Liskov substitution principle

August 31, 2020

An unsung hero of the SOLID principles.

Derived classes must be substitutable for their base classes.

Liskov substitution principle

Considering each of the SOLID princpiles Liskov substitution principle (LSP) often gets least attention in both theoretical analysis and practical application. Single responsibility invites discussion with its definition of The One reason to change. As a result it has been extensively talked and blogged about. Open-closed principle is well covered by the object-oriented design patterns as many of them are essentially clever tricks for applying the principle. Similarly, there are many popular dependency injection frameworks that implement the dependency inversion. This empowers developers to more easily adhere to those two principles.

That leaves interface segregation and Liskov substitution principle. Of those two I find the former to be easier to abide by. In its definition interface segregation invites the code author to make their interfaces more concise. It's easier to follow because it relates directly to the activity that I, as a code author, am involved in; i.e. writing my interface.

In contrast, Liskov substitution asks me as author of the derived class to make sure it behaves same as the base class (written by someone else) from the perspective of the user code (written by yet another author). It's no just about me and my code, I need to consider two more perspectives. It requires a sort of developer empathy.

This isn't helped by examples that are often used to illustrate the violation of the principle. Classic example is the problem of modeling a square class as a derivative of a more generalized rectangle class. It's a valid example in theory, but is obviously contrived and as such fails to resonate.
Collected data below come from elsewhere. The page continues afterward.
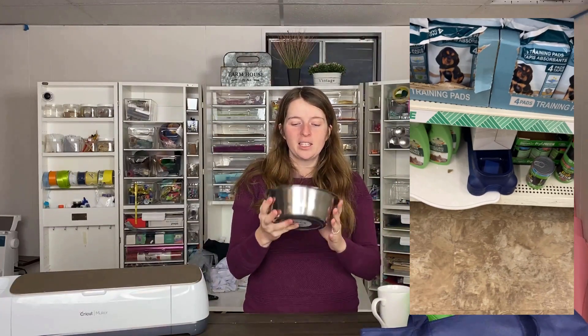Of course we can't forget your furry friends. The Dollar Tree is a great place to get pet supplies, including bowls for dogs and cats. This is one of their big dog bowls and it would be fun to put some vinyl decals on here to customize your dog's bowl, because we all know everyone loves their pets.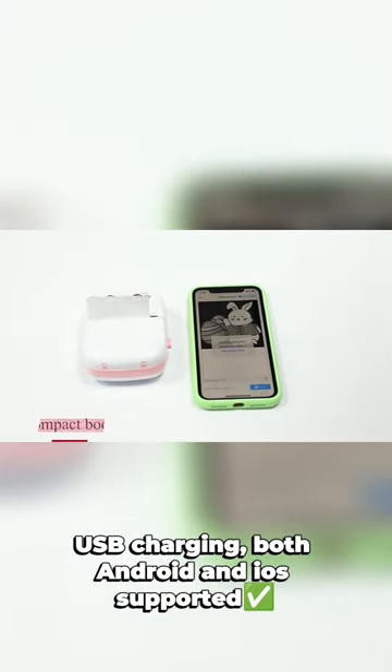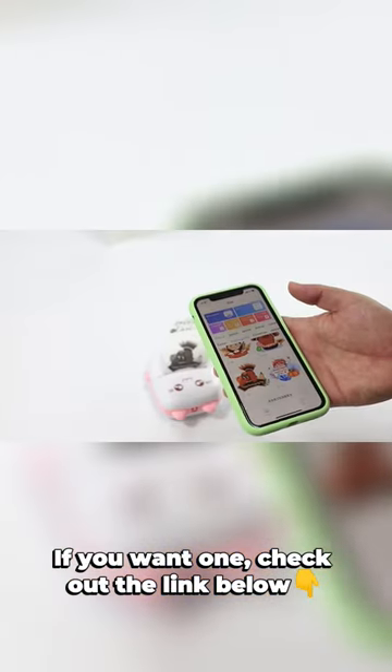USB charging, both Android and iOS supported. If you want one, check out the link below.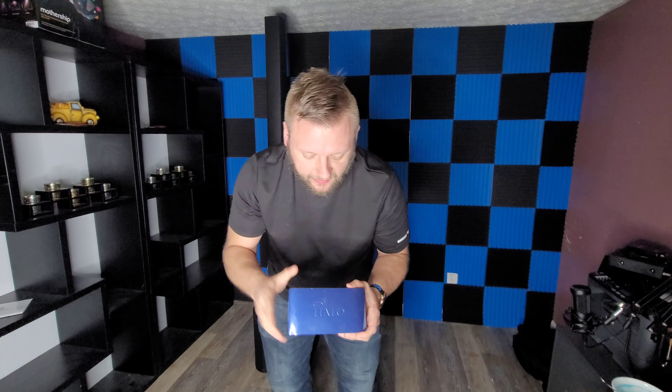Today we're going to do a quick product overview of the Halo Bolt. If you're unfamiliar with what this unit is, it's a 58,000 milliamp battery pack that has an Edison plug built into it. Why is that important? A lot of DJs are now using this for their ceremony rigs. Today we're going to test it with the Harbinger MLS 1000s to see exactly how long it will power this speaker at cocktail ceremony levels.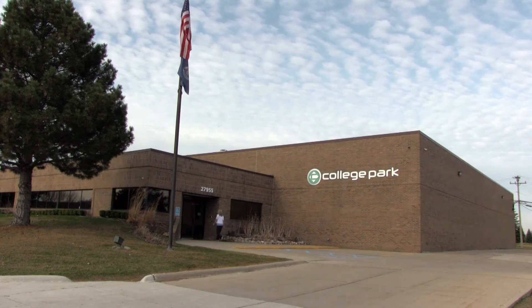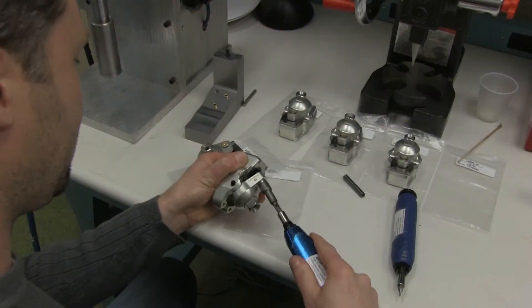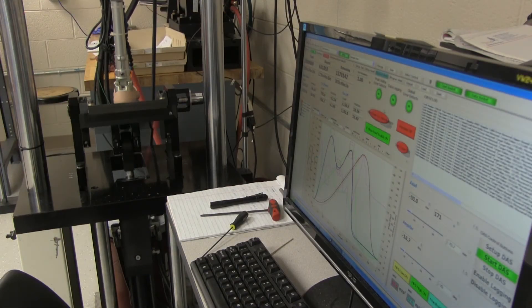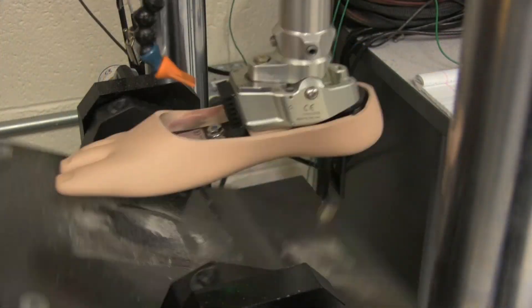All College Park feet are designed, hand-built, and shipped from our Michigan headquarters. College Park is ISO 1345 certified with an extensive focus on quality testing and precision manufacturing.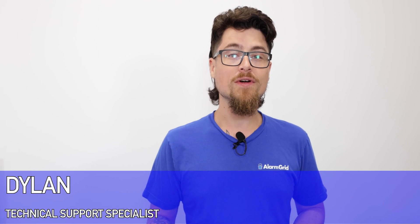Hey DIYers, Dylan here with Alarm Grid. Today we're going to go over the cellular monitoring setup for an IQ4 panel.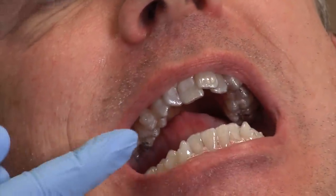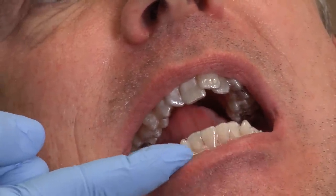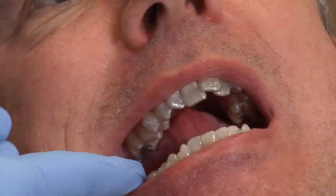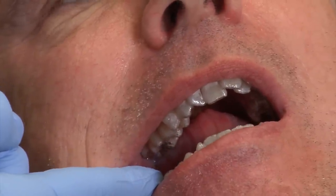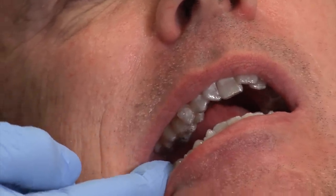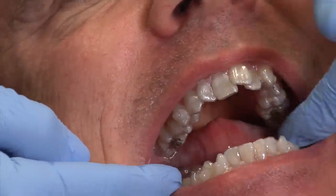To remove the aligner, you never want to take it off from the front — this will cause a hairline crack and break the aligner. You always want to go from the very back. If you have a little bit of a nail it helps; just gently lift up and work your way around.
That's why I was excited when one of my real world bugs boiled down to a violation of Liskov substitution principle.

The bug

I've recently been learning Vala programming language and GTK framework. Vala is a higher-order language, with syntax similar to C# and Java, that compiles down to C. It promises to make targeting the GNOME stack simple. Vala is strongly typed and object-oriented, however this example does not rely on the language itself and can be reproduced in C code as well. GTK is a feature-packed UI toolkit with a rich hierarchy of widgets. It is in the thick of its widgets' inheritance tree that the root of my problem lies.

In my app I needed a container widget that could expand dynamically row by row as I added more child elements to it. Luckily GTK covers just such use-case with its FlowBox component. The FlowBox extends the abstract Container widget which defines the interface for adding and removing child widgets:

Container defines add and remove methods, FlowBox extends from it

This was convenient as I needed to occasionally remove child widgets from the container. Here's a simplified example of what I wanted to achieve:

public class ExampleApp : Gtk.Application {
	protected override void activate () {
		var window = new Gtk.ApplicationWindow (this);
		window.set_default_size (300, 200);

		var hello_world = new Gtk.Label ("Hello, World!");

		var box = new Gtk.FlowBox ();
		box.add (hello_world);
		// removing the child immediately to simplify the example
		box.remove (hello_world);

		window.add (box);
		window.show_all ();
	}

	public static int main (string[] args) {
		var app = new ExampleApp ();
		return app.run (args);
	}
}

Try guessing what this program does:

It opens an empty window.
It opens a window with “Hello, World!” text.
It segfaults.

Spoiler alert: it's option 3:

$ valac --pkg gtk+-3.0 app.vala && ./app
(app:9912): GLib-CRITICAL **: 23:54:22.670: g_sequence_remove: assertion 'iter != NULL' failed
(app:9912): Gtk-CRITICAL **: 23:54:22.670: gtk_widget_show_all: assertion 'GTK_IS_WIDGET (widget)' failed
(app:9912): Gtk-CRITICAL **: 23:54:22.697: gtk_widget_get_visible: assertion 'GTK_IS_WIDGET (widget)' failed
(app:9912): Gtk-CRITICAL **: 23:54:22.701: gtk_widget_get_visible: assertion 'GTK_IS_WIDGET (widget)' failed
(app:9912): Gtk-CRITICAL **: 23:54:22.701: gtk_widget_get_visible: assertion 'GTK_IS_WIDGET (widget)' failed
(app:9912): Gtk-CRITICAL **: 23:54:22.701: gtk_widget_get_visible: assertion 'GTK_IS_WIDGET (widget)' failed
(app:9912): Gtk-CRITICAL **: 23:54:22.701: gtk_widget_get_visible: assertion 'GTK_IS_WIDGET (widget)' failed
(app:9912): Gtk-CRITICAL **: 23:54:22.701: gtk_widget_is_visible: assertion 'GTK_IS_WIDGET (widget)' failed
[1]    9912 segmentation fault  ./app

Flawed box

What went wrong? The first thing I checked was documentation of add and remove methods on the Container class. The latter one was more interesting (full doc available here):

Removes widget from this. widget must be inside this...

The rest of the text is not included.